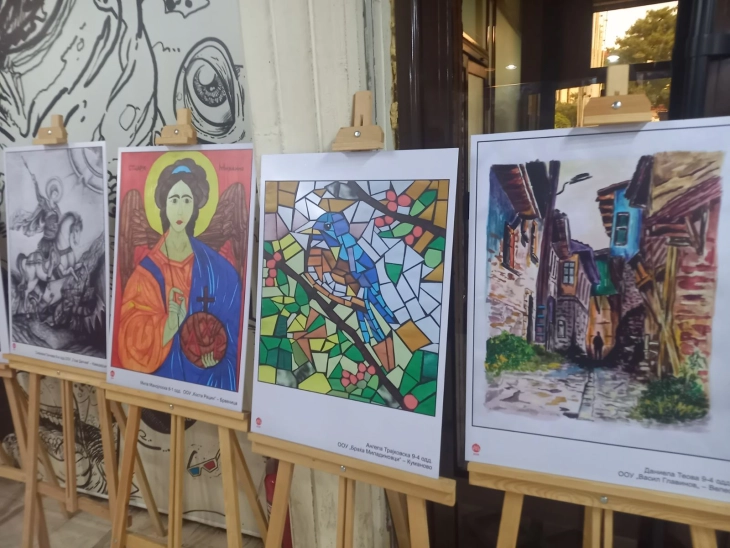 Во Битола отворена државна изложба на детски ликовни творби на тема „Народната култура како трајна инспирација во моето творештво“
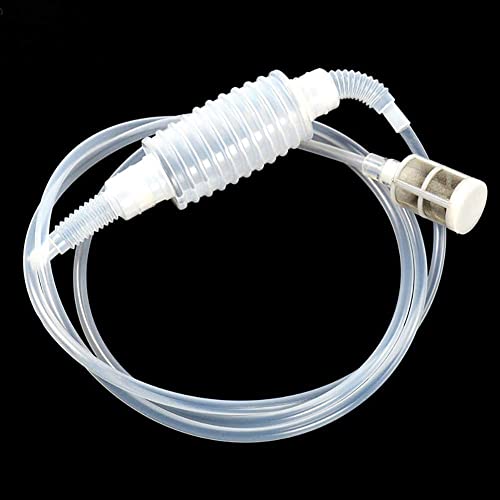 Syphon Tube for Brewing, Homemade Brew Syphon Tube Pipe Hose Wine Beer Making Tool Kit For Home Brew Wine Beer Making Siphon Filter Plastic Soft Tube - 6.6 ft/2 meters (White)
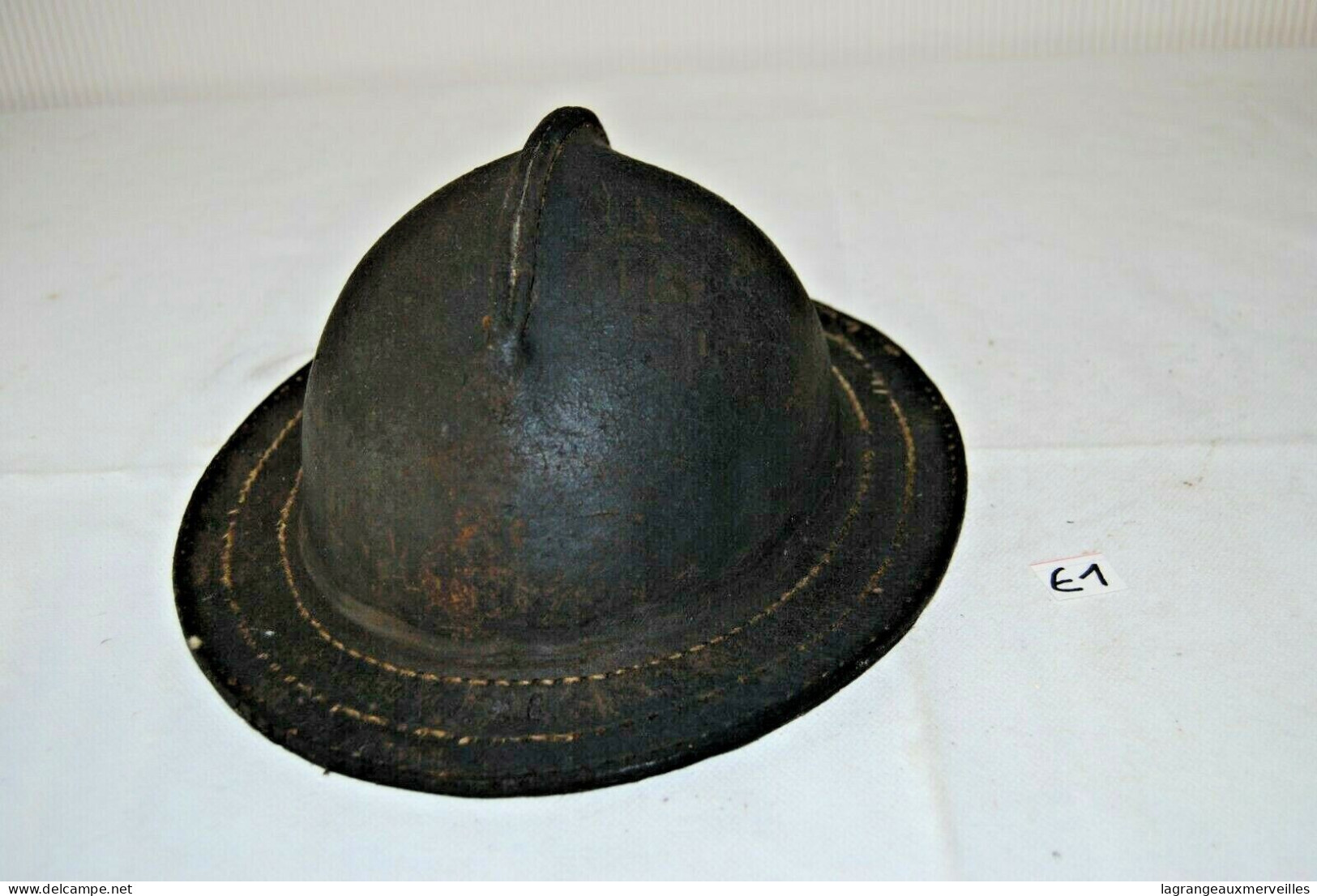 E1 Ancien Chapeau De Forme - Pointe - Cuir Véritable - Collection - 1940-1970 ...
━━━━━━━━━━━━━━━━━━━━━━━━━━━━━━
## WHAT THE EXERCISE ASKS
All the lines above should be reproduced exactly, and none of the pictures.

## TASK SOLUTION
 Во Битола отворена државна изложба на детски ликовни творби на тема „Народната култура како трајна инспирација во моето творештво“
 Syphon Tube for Brewing, Homemade Brew Syphon Tube Pipe Hose Wine Beer Making Tool Kit For Home Brew Wine Beer Making Siphon Filter Plastic Soft Tube - 6.6 ft/2 meters (White)
 E1 Ancien Chapeau De Forme - Pointe - Cuir Véritable - Collection - 1940-1970 ...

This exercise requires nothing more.